─── Data provided

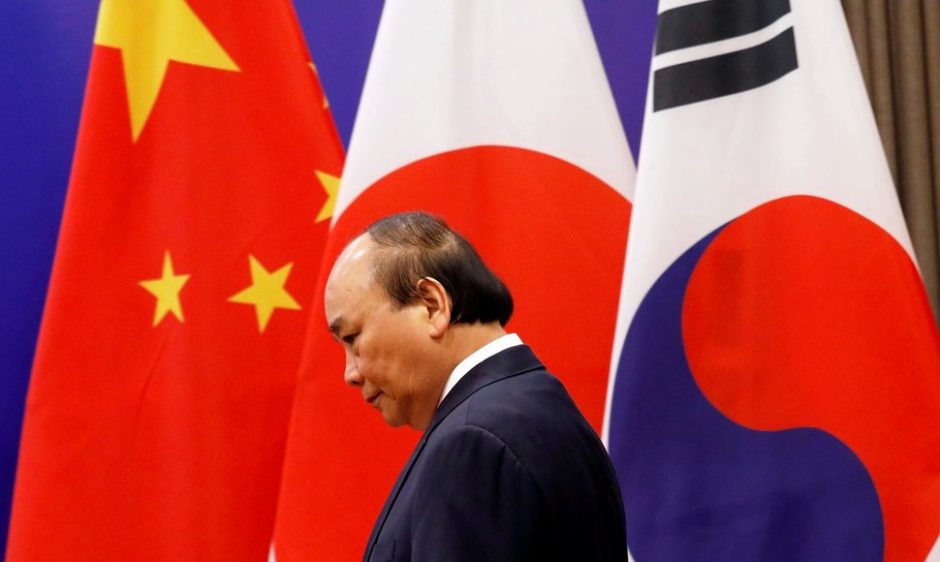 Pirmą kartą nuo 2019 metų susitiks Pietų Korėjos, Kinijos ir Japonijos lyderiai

──────
─── Data provided

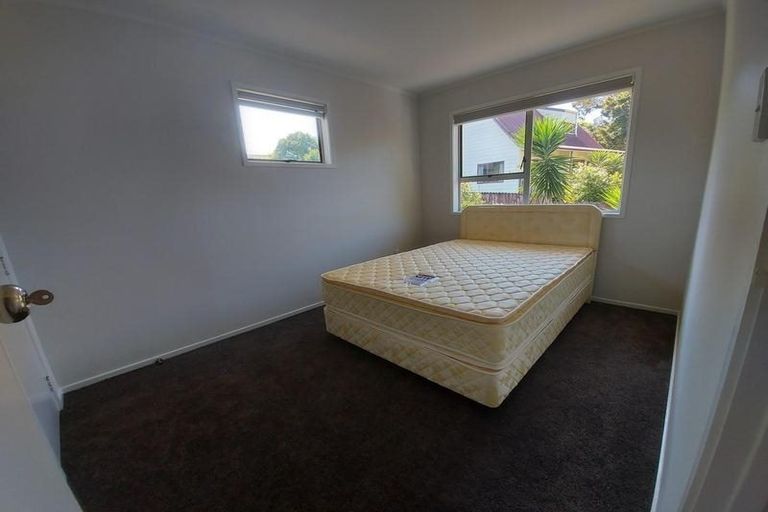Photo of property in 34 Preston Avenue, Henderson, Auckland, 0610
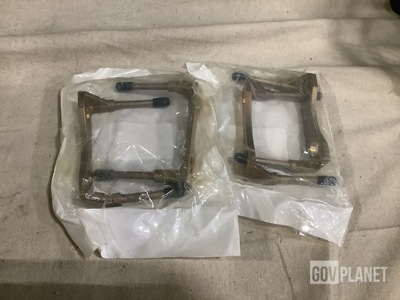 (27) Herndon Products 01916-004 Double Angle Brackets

──────
─── Data provided

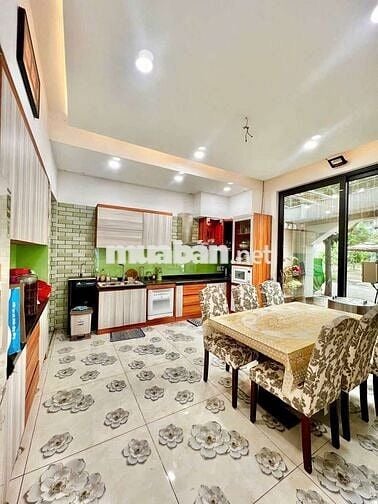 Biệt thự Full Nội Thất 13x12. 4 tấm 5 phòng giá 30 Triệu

──────

> [Brief]: Find the line with "Photo of property" in the data above, and from there retype each line exactly through the line with "(27) Herndon Products", skipping the pictures along the way.

> [Result]:
Photo of property in 34 Preston Avenue, Henderson, Auckland, 0610
 (27) Herndon Products 01916-004 Double Angle Brackets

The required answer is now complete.